O coração dela disparou. Não aconteceu nada além de um olhar profundo, mas foi o suficiente: Angela subiu para o quarto, sentindo que carregava um segredo no corpo inteiro.
Augusto, já deitado, perguntou:
— E aí, amor, como está o nosso hóspede? Não está dando muito trabalho, não?
Angela hesitou.
— Ele… ajuda bastante.
O marido sorriu de lado, fechando os olhos:
— Imagino. Imagino sim…
Angela virou-se na cama, sem conseguir dormir. Lá fora, o vento batia nos lençóis recém-pendurados. E, pela primeira vez, ela não tinha certeza se queria resistir ao que estava prestes a acontecer.
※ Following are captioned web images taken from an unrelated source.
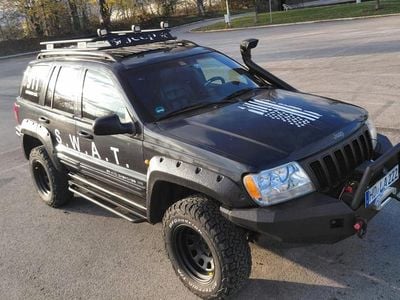 Schwarz Gebraucht 2000 Jeep Grand Cherokee SUV | 9.000 € (Etwas zu teuer)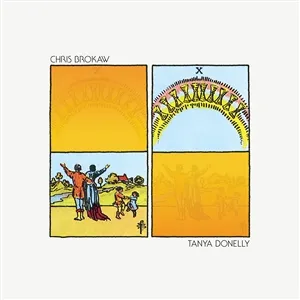 TANYA DONELLY & CHRIS BROKAW – the undone is done again (LP Vinyl)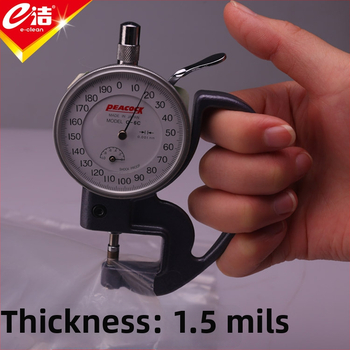 Ochranný kryt proti prachu na postele a nábytok, plast, štvorcový tvar, vodotesný, jednorazový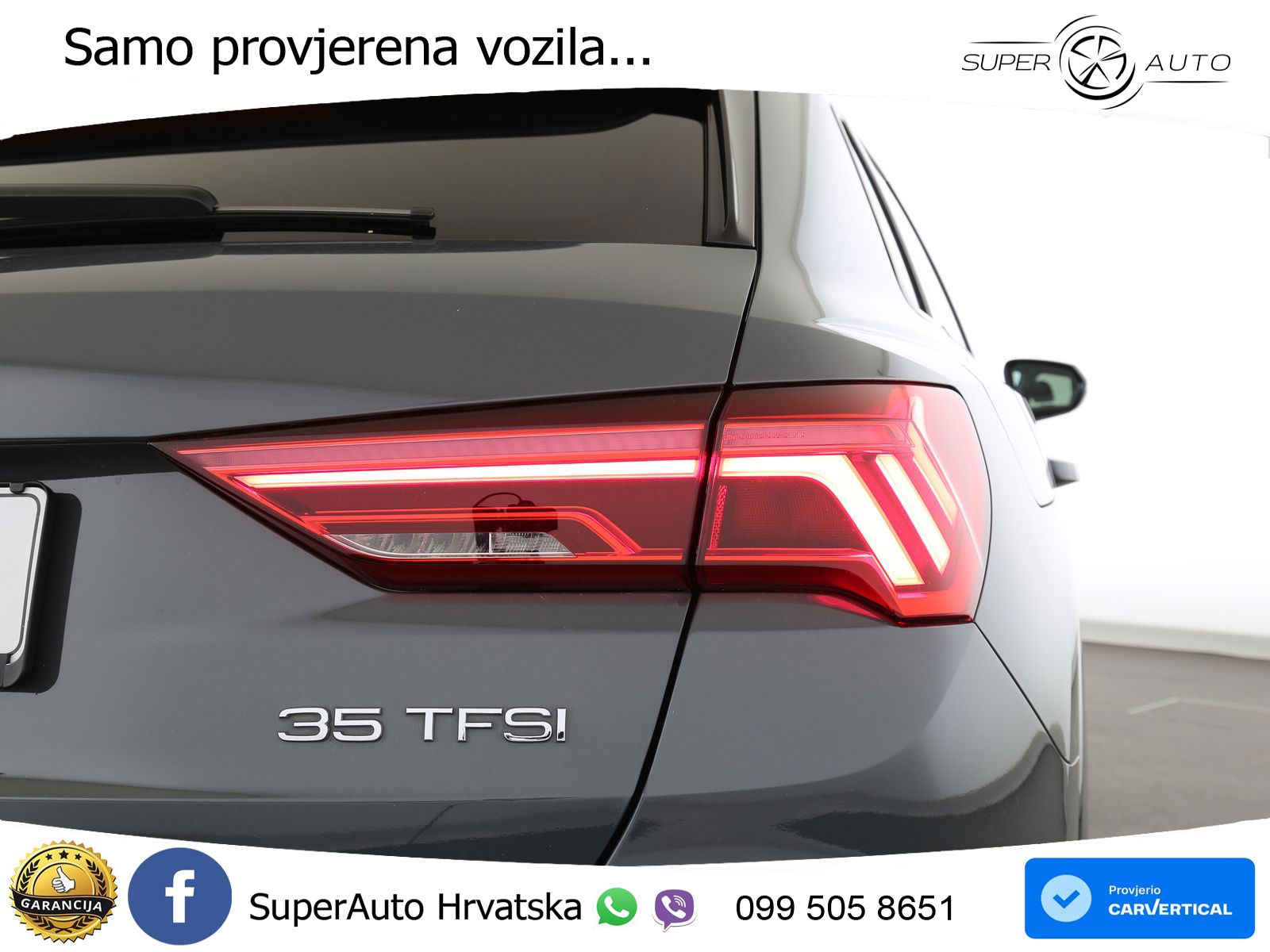 Audi Q3 35 TFSI (150 KS) S tronic advanced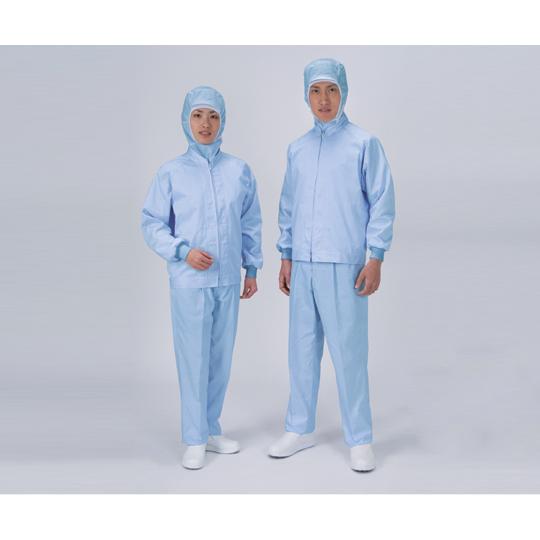 パンツ女性用 裾口ストレートタイプ 清涼タイプ Ｓ サックスブルー FX70978 (2-8756-...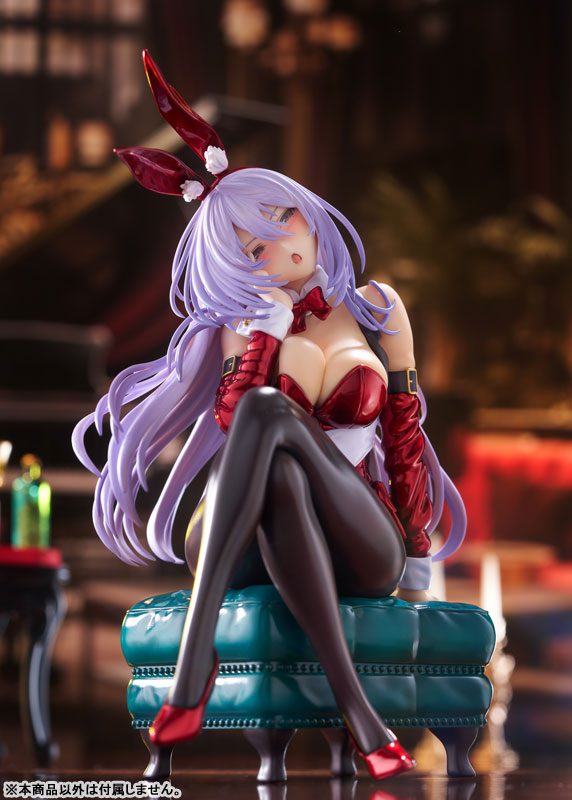 Hanikami, Kanojo wa Koi o Suru - Amagasa Tsuduri - 1/7 - Bunny Style, Christmas Santa Color (PLUM)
As noites seguintes foram um jogo silencioso. Passava pela sala e fingia não ver Luís deitado no sofá, com o livro aberto e o peito à mostra. Ele fingia não notar o olhar que ela desviava rápido demais.
Augusto, cada vez mais irônico, fazia questão de atiçar a chama sem perceber o tamanho dela.
— Angela, minha querida, você anda radiante… Será efeito colateral da presença do “camarada”? Não se esqueça que essa revolução cobra impostos altíssimos: suor, calor e… lençol limpo.
Angela, corada, limitava-se a resmungar. Mas dentro dela já não havia mais só solidariedade.
Numa noite abafada, Augusto viajou a trabalho. A casa ficou em silêncio. Angela, insone, desceu para beber água — e encontrou Luís na cozinha, sem camisa, preparando chá.
— Também não consegue dormir? — ele perguntou, servindo a xícara.
Angela pegou, tremendo levemente.
— O calor… e os pensamentos.
Luís se aproximou.
— Pensamentos… ou desejos?
Ela tentou rir, mas o som morreu na garganta. Ele encostou a mão em sua cintura, devagar, deixando tempo para que ela recuasse. Não recuou.
— Luís… isso é errado.
— Não — sussurrou ele. — Errado é negar o que já acontece dentro de você.
Angela fechou os olhos, rendida. O beijo veio como se fosse inevitável, e com ele, a queda de todas as barreiras que ainda restavam.
A madrugada foi deles. Não houve discurso político, nem ironia burguesa, nem lição de moral. Só lençóis amassados e risos abafados.
No quarto vazio do casal, o travesseiro de Augusto guardava o silêncio cúmplice de quem talvez já soubesse, desde o início, que a tal “solidariedade” da esposa acabaria… na cama.
Na manhã seguinte, Angela ajoelhada em frente a ele, acariciava a pica, 1,5 vezes o tamhanho da do marido. Passou para a boca, e sentiu: “Quanto a esse amante, dá pra se chupar até o cu, sem aquela sensura de marido mauricinho!”.
Dois dias depois, Augusto voltou da viagem. Encontrou a casa arrumada, Clara sorridente demais e Luís no quintal, regando as plantas como se fosse dono do jardim.
O empresário ergueu a sobrancelha.
— Muito bem… vejo que o “programa social” corre às mil maravilhas. O hóspede está até cuidando da horta! Daqui a pouco monta sindicato dos tomates.
Angela riu nervosa, corando. Luís apenas acenou, fingindo distração.
À noite, na cama, Augusto se aproximou da esposa e sussurrou no ouvido dela, com aquele sarcasmo costumeiro:
— Sabe, amor… eu disse que sua solidariedade ia acabar em casa e comida. Pois bem… acho que acabou em sobremesa.
Angela congelou, e seria a hora de contar sobre a partilha?
— O que você quer dizer com isso?
Augusto sorriu no escuro.
— Nada. Só que eu sempre admirei seu coração generoso. Tão generoso… que às vezes esquece as fronteiras.
Ele virou para o lado e dormiu, como se não quisesse ouvir. Angela ficou desperta, sem saber se o marido sabia de tudo — ou se apenas gostava de brincar com o fogo.
No quartinho dos fundos, Luís cantarolava outra vez. Mas agora, Angela tinha certeza: a revolução, ao menos em sua vida íntima, já estava consumada.